Als am 1. September 1939 mit dem deutschen Überfall auf Polen der Zweite Weltkrieg begann, lebte Gołąbek zusammen mit seinen Eltern und Geschwistern in Dembowagora (Dembowa Góra). Der Ort lag in Polnisch-Oberschlesien, auf halbem Wege zwischen Lublinitz und Tschenstochau (Częstochowa), nur 20 km von der Reichsgrenze entfernt. Angesichts des deutschen Angriffs organisierte die Polnische Staatsbahn PKP noch am ersten Kriegstag die Evakuierung vieler Angestellter und ihrer Angehörigen. In dieser Gruppe befand sich auch die Familie Gołąbek. Mit Pferdewagen wurden die Flüchtlinge nach Tschenstochau gebracht, von wo es mit einem Güterzug langsam in Richtung Osten weiterging. Während der Fahrt wurde der Zug mehrmals von deutschen Kampfflugzeugen beschossen. Der sechsjährige Damian Gołąbek sah damals zum ersten Mal in seinem Leben Tote und Schwerverletzte.

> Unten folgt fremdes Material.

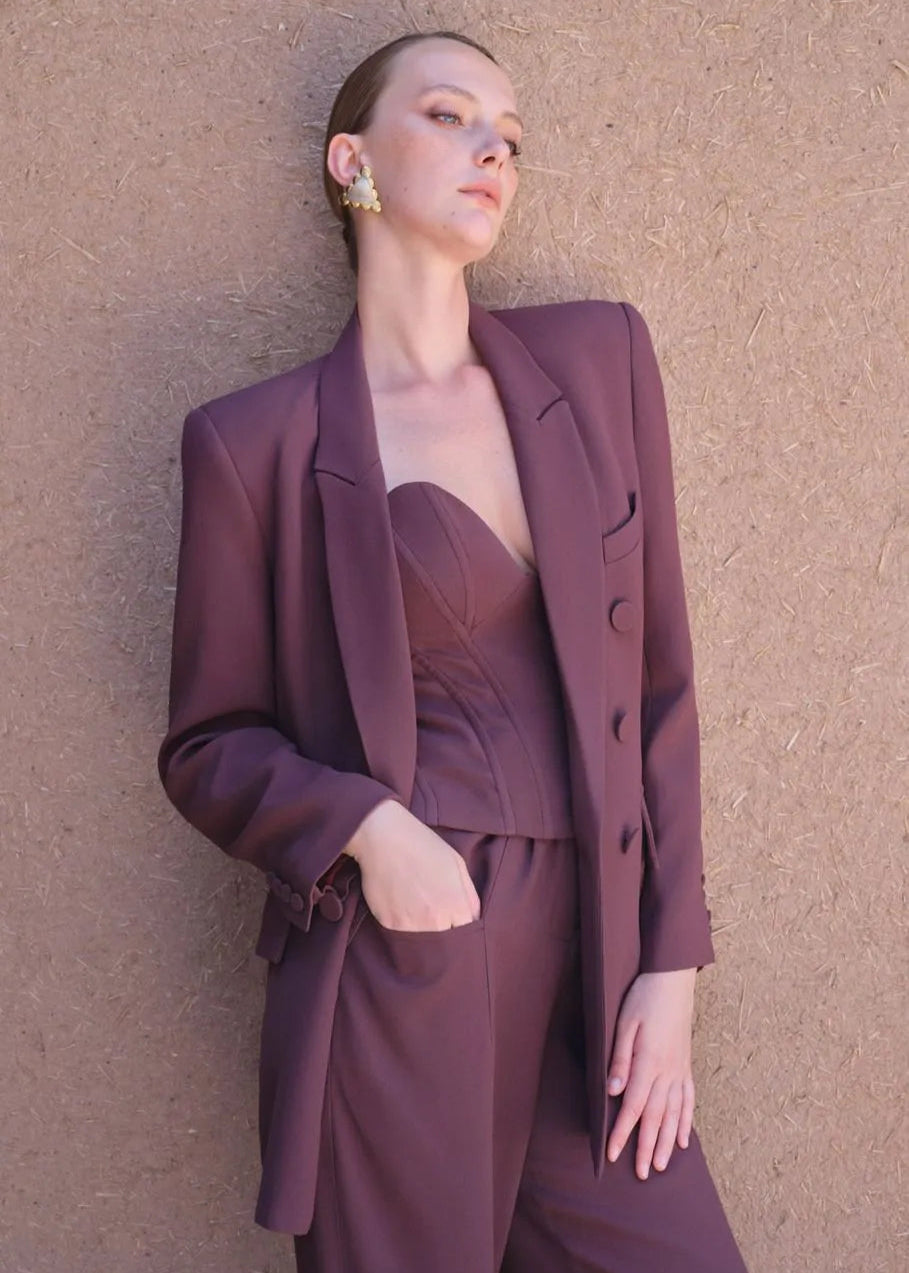 Woman wearing a purple suit against a textured beige wall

Das Ziel der Reise war lange unbekannt. Da die deutschen Verbände anders als erwartet rasch ins Landesinnere vordrangen, fuhr der Zug weiter über den Bug in die östlichen Gebiete Polens. Die Fahrt endete nach drei Tagen in Kowel, einer Kreisstadt in Wolhynien (heute gehört diese Region zur Ukraine). Das neue Domizil der oberschlesischen Familie wurde das 15 Kilometer von der Stadt entfernte Rużyn, wo sie zusammen mit anderen Flüchtlingen, insgesamt an die 20 Menschen, in ein kleines, verlassenes Haus einziehen durften. „Wie die meisten Orte in diesem Teil des Landes war Rużyn ethnisch gemischt und bestand aus zwei deutlich voneinander getrennten Teilen: einem polnischen und einem ukrainischen. Vom Krieg war dort zwar nichts zu spüren, doch die Atmosphäre war dennoch angespannt. Seit dem Ausbruch des deutsch-polnischen Konflikts hätten die Polen nämlich Angst vor ihren ukrainischen Nachbarn, wurde uns erzählt“, so der emeritierte Lehrer. Wie sich später herausstellte, waren diese Befürchtungen nicht unbegründet. In den Jahren 1943-1944 führten ukrainische Nationalisten in Wolhynien und Ostgalizien ethnische Säuberungen an der polnischen Bevölkerung durch, die sich durch extreme Brutalität kennzeichneten und denen zwischen 80.000 und 120.000 Menschen zum Opfer fielen.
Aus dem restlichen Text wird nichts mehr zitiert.